Viasat: Satélite será controlado pelo Estado brasileiro

satelite_lancamento.jpgAna Paula Lobo, Convergência Digital
10/04/2018 - Em posicionamento divulgado nesta terça-feira, 10/04, a norte-americana Viasat lamenta a decisão do Tribunal Regional Federal da 1ª Região, que negou o pedido da União para que seja mantido o contrato entre a empresa e a Telebras. O governo sustenta que o acordo é a base de políticas públicas já anunciadas com vistas a conectividade via satélite de áreas remotas e de escolas públicas.
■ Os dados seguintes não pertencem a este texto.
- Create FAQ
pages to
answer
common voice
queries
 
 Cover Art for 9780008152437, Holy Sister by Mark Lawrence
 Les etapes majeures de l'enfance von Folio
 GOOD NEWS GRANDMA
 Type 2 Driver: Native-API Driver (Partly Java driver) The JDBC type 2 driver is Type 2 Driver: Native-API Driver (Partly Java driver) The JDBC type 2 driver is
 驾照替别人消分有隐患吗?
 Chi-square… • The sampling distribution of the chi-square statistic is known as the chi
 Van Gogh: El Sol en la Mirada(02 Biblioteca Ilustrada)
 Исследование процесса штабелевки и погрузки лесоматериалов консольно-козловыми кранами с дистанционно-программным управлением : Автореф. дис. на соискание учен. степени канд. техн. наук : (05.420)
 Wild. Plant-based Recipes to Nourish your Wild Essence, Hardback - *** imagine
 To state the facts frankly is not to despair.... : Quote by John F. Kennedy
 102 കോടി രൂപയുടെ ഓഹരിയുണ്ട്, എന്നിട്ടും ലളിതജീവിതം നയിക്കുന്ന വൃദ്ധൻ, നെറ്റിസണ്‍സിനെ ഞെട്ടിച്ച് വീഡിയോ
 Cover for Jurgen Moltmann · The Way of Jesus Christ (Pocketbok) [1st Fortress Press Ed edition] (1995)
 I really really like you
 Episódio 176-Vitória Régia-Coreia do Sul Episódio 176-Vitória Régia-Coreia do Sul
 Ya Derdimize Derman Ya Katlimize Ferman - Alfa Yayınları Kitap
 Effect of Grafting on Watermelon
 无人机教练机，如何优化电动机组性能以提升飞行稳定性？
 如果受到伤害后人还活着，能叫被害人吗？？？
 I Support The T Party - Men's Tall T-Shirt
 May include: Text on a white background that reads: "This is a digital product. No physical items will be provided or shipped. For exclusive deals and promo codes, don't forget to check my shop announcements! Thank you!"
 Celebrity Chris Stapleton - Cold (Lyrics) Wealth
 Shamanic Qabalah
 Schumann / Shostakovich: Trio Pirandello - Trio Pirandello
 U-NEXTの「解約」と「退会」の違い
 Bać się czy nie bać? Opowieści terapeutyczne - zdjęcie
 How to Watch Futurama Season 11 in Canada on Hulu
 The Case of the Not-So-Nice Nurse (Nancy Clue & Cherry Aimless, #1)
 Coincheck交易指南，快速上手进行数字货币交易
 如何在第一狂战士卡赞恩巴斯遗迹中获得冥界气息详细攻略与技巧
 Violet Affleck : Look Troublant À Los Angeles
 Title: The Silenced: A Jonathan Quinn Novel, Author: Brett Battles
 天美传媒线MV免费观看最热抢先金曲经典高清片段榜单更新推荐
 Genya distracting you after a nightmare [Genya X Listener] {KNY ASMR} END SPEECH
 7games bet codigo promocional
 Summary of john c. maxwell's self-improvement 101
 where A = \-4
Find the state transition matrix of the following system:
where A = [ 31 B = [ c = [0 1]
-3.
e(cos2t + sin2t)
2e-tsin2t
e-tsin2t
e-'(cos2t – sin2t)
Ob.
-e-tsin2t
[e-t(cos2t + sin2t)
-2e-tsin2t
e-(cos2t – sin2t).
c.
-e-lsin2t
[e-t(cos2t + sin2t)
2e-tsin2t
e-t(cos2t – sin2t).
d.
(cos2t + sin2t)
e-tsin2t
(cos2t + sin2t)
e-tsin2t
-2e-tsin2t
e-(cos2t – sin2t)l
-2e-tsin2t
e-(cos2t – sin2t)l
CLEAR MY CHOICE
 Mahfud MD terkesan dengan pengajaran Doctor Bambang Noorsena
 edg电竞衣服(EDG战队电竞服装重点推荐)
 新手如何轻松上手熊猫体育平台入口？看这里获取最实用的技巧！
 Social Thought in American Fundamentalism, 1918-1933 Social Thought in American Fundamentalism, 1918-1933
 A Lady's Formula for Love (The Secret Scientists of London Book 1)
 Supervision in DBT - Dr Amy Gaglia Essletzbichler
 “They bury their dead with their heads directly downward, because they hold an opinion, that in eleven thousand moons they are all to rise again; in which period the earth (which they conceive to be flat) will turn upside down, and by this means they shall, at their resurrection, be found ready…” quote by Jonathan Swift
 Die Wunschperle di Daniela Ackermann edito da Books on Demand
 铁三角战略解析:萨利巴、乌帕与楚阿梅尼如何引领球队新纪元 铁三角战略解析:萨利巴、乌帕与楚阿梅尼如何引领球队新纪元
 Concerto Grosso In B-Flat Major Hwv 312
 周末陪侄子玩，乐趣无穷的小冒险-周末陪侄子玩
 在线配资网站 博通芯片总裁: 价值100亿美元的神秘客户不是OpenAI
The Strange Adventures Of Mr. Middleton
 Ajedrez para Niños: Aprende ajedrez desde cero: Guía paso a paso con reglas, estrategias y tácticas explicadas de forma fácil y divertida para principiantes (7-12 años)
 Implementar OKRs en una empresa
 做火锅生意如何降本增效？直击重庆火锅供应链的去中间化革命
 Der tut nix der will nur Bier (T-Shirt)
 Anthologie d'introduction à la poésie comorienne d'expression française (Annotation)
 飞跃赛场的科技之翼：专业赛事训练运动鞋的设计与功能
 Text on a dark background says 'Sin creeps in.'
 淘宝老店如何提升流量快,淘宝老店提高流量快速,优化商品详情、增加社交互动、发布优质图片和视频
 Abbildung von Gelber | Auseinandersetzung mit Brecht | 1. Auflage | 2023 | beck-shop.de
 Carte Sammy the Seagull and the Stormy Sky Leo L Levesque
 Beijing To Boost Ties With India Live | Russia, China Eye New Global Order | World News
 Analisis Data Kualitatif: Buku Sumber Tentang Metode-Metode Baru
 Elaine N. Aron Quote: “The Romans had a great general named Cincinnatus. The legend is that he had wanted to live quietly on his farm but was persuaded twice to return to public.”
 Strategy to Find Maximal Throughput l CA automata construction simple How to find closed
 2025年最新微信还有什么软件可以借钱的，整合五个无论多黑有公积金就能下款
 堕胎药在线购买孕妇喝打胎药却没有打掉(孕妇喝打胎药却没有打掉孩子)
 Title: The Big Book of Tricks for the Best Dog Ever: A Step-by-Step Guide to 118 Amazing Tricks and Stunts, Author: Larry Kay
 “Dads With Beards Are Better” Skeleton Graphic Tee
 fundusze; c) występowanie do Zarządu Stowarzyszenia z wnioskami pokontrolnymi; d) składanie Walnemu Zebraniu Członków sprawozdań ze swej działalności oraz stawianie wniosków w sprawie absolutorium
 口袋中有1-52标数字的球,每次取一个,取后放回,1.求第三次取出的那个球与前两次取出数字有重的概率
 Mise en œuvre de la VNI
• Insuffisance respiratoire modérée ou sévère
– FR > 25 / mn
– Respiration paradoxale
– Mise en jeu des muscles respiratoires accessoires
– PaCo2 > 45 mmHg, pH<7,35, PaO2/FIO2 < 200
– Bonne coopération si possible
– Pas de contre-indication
Mas a Justiça Federal acha melhor avaliar primeiro a lisura das tratativas para uso do satélite geoestacionário de defesa e comunicações.

O satélite está em órbita desde maio de 2017 / Crédito: Divulgação Arianespace

No texto, a Viasat destaca que o acordo estratégico firmado com a Telebras - mesmo sem ter o teor revelado ao público - "preserva, em qualquer circunstância, a soberania nacional, e que o SGDC é e sempre será controlado exclusivamente pelo Estado Brasileiro". A Viasat e a Telebras afirmam ainda que "estudam as opções legais que permitam a continuidade do atendimento aos altos propósitos do SGDC, primeiro satélite geoestacionário brasileiro, e irão contestar a decisão judicial imediatamente".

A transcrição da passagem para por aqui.